#### [DATA BELOW]
================

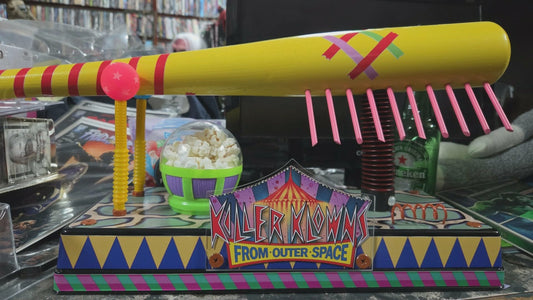Bâton clouté Killer Klowns par un artiste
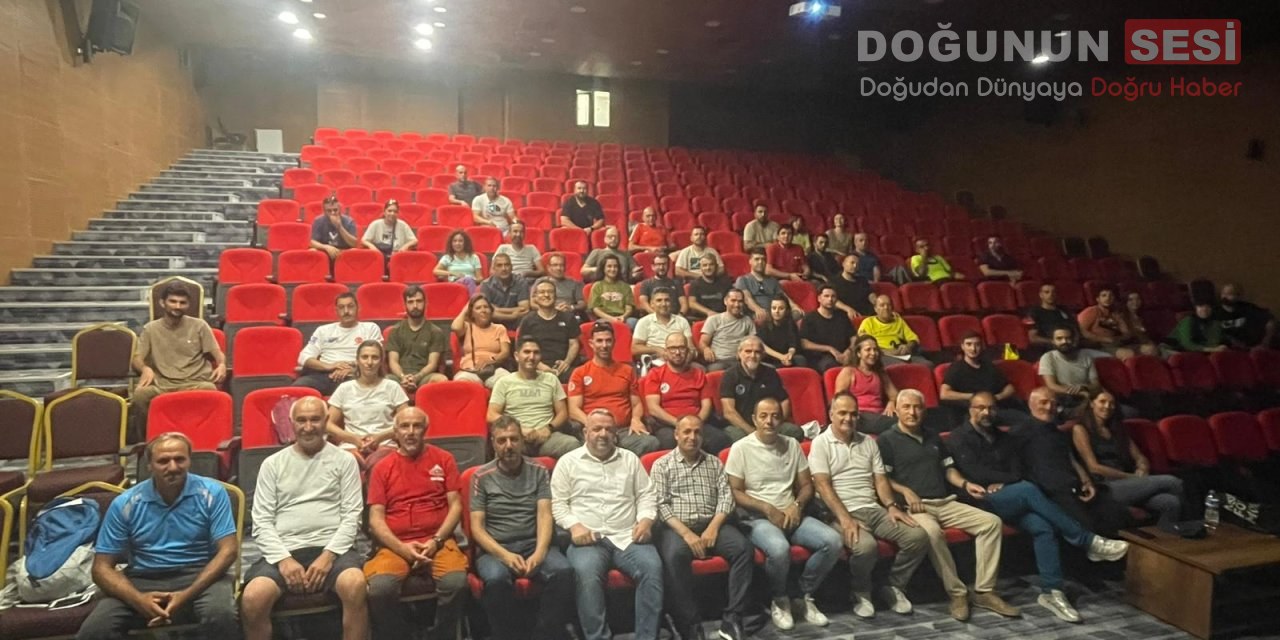 Alternatif: “Buzun Son Kalesi Hakkari’de 130 Sporcu Zirveye Hazırlanıyor”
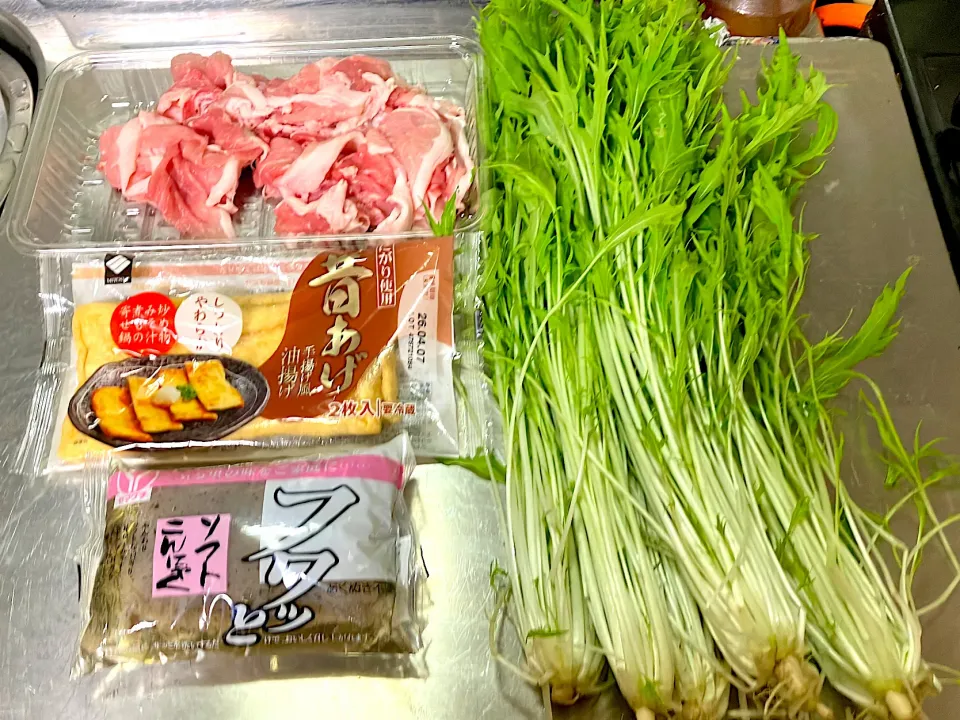 10分で出来る超手抜き鍋（ハリハリ鍋）京都発祥の鍋でほんとは京壬生菜と鯨肉、京油揚げ、こんにゃくで作りますが、鯨肉はちょっとクセがあるので豚こま切れで代用、壬生菜は水菜で代用 油揚げは重要な具材ですので昔ながらの豆腐部分厚めのを使うのがコツ！味付けはすき焼きとうどん出汁の中間位をイメージして頂ければ 何より野菜は水菜切るだけ！|🐈⸒⸒⸒⸒つるのダンス🐈🐾さん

================

#### [DIRECTIONS FOR THIS TASK]
Please write out, word for word, each line from the one with "Son Kalesi Hakkari’de" to the last line of the data, keeping both ends and omitting pictures.

#### [REPLY]
 Alternatif: “Buzun Son Kalesi Hakkari’de 130 Sporcu Zirveye Hazırlanıyor”
 10分で出来る超手抜き鍋（ハリハリ鍋）京都発祥の鍋でほんとは京壬生菜と鯨肉、京油揚げ、こんにゃくで作りますが、鯨肉はちょっとクセがあるので豚こま切れで代用、壬生菜は水菜で代用 油揚げは重要な具材ですので昔ながらの豆腐部分厚めのを使うのがコツ！味付けはすき焼きとうどん出汁の中間位をイメージして頂ければ 何より野菜は水菜切るだけ！|🐈⸒⸒⸒⸒つるのダンス🐈🐾さん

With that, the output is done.